Michael Sweerts
b. 1618, Brussels
d. 1664, Goa, India
Allegory of Touch
c. 1655–60
Oil on canvas
75 x 60 cm (29 1/2 x 23 5/8 in.)
Framed: 101.1 x 84 x 6.5 cm (39 3/4 x 33 1/8 x 2 1/2 in.)
Provenance
Seen
on the art market in Vienna before 1910 by Gustav Glück,
with Galerie
Charpentier, Paris, 1962,
with Jean
Néger, Paris,
(Mirabaud-Mercier, Paris, 15 November 2019, lot 27).
Literature
Gustav
Glück, Rubens, van Dyck und ihr Kreis, Vienna, 1933, p. 364 (“...einer
Folge der Fünf Sinne...von denen uns andere Stücke im Wiener Kusthandel
bekanntgeworden sind”).
Rolf
Kultzen, Michael Sweerts, Doornspijk, 1996, pp. 46–48, p.
109, no. 70.
Description
The Allegory of Touch, in which a young man is captured in a moment of pure stupefaction as he caresses a cat nestling in his arms, was created by the Flemish artist Michael Sweerts as one of a series of five paintings representing the Senses: taste, touch, hearing, smell, and sight, all portrayed as young men in fanciful headgear accompanied by animals relating to the senses they personify (save Smell, who holds a brazier of incense).
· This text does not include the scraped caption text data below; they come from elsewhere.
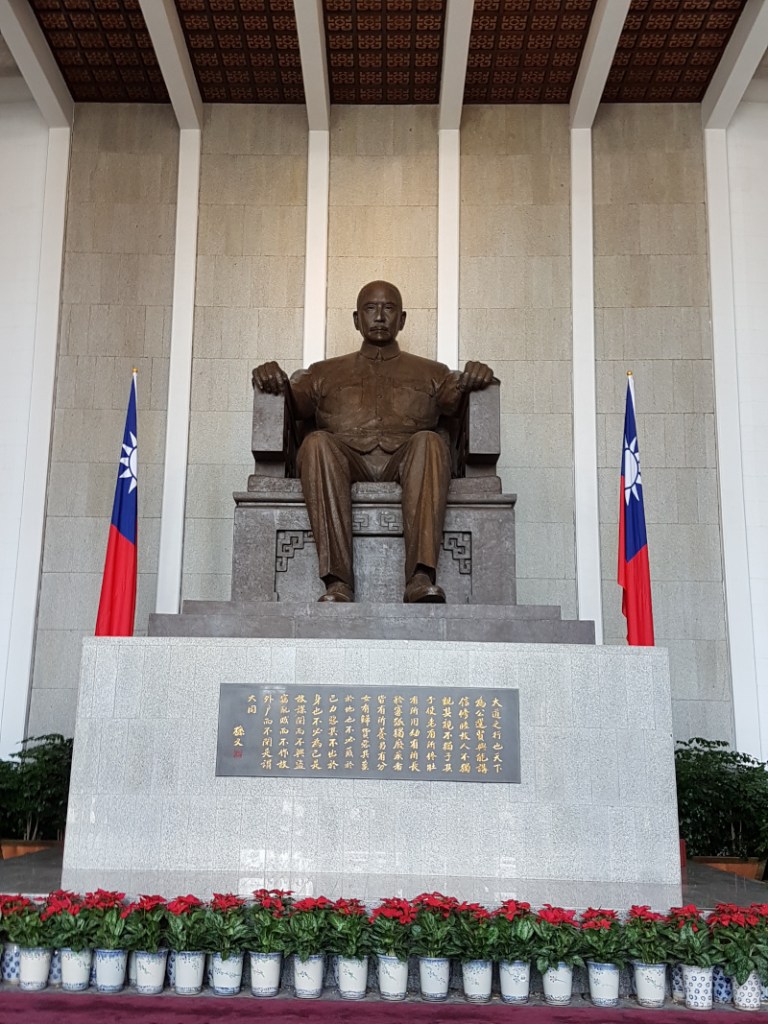 Monumento_commemorativo_di_Chiang_Kai-Shek.
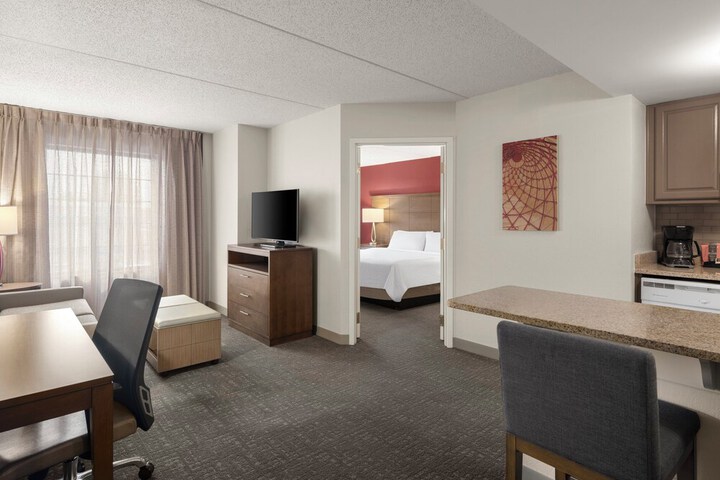 Staybridge Suites Indianapolis-Airport by IHG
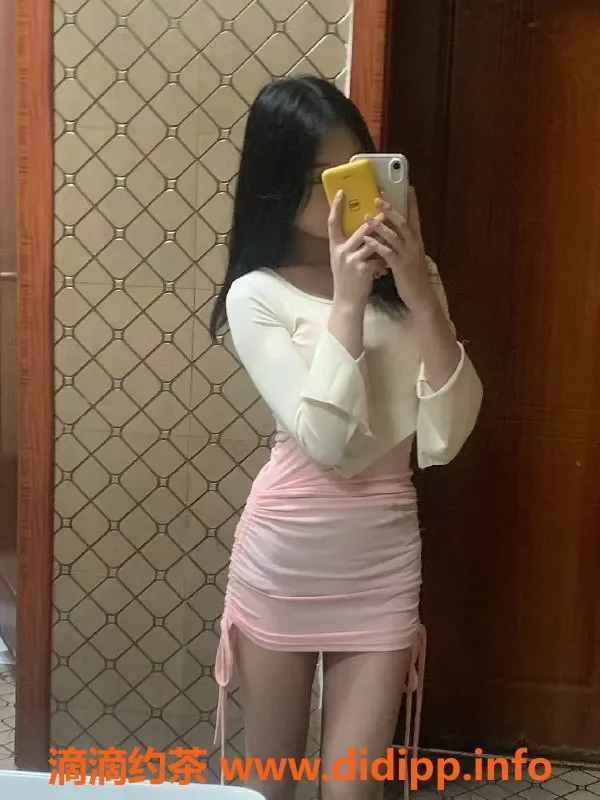 成都楼凤资源信息,成都敏欣，19岁嫩妹，身高160，超高颜值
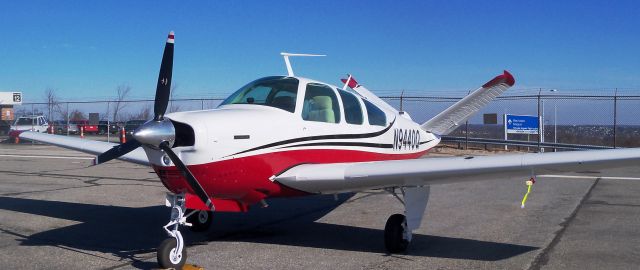 Beechcraft 35 Bonanza (N9440Q)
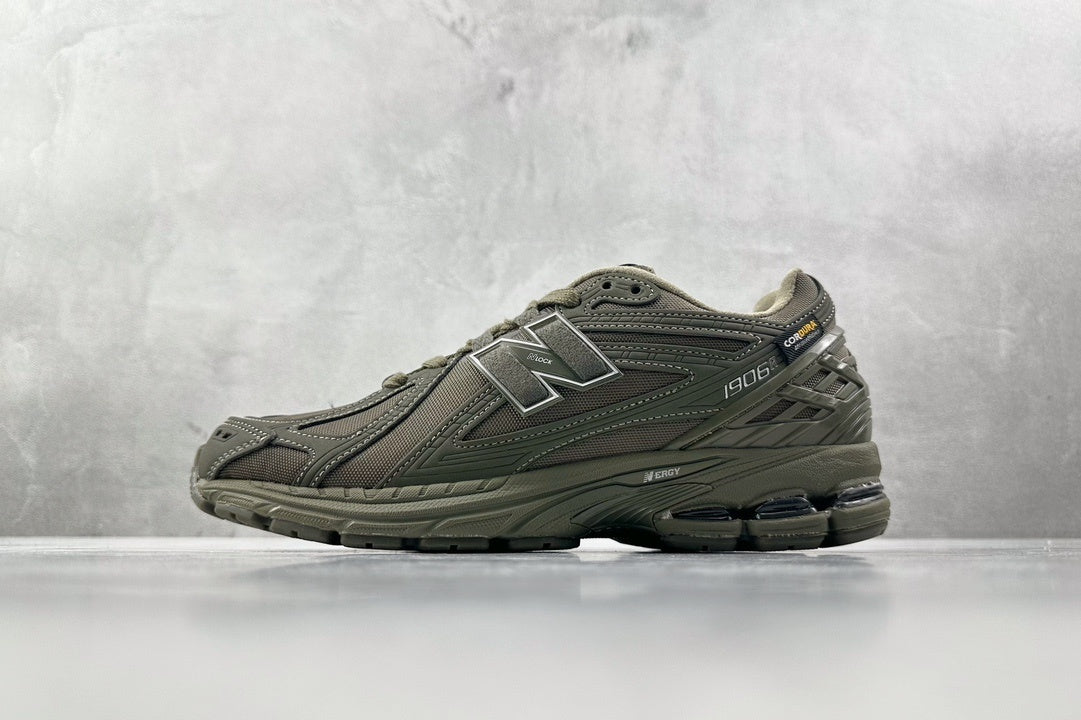 1906 Olive Shadow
Although the allegories of Sight and Taste were attributed to Theodore Rombouts working together with the animal painter Jan Fyt when they were sold in Berlin in 1911, Rolf Kultzen correctly gave the series to Sweerts in his 1996 monograph on the artist, an attribution currently supported by Sweerts specialist Lara Yeager-Crasselt. Although Smell is now in the collection Akademie der bildenden Künste, Vienna, lamentably, Sight, Taste, and Hearing are known today only through black and white reproductions. The reappearance of Touch thus marks a major and exciting rediscovery.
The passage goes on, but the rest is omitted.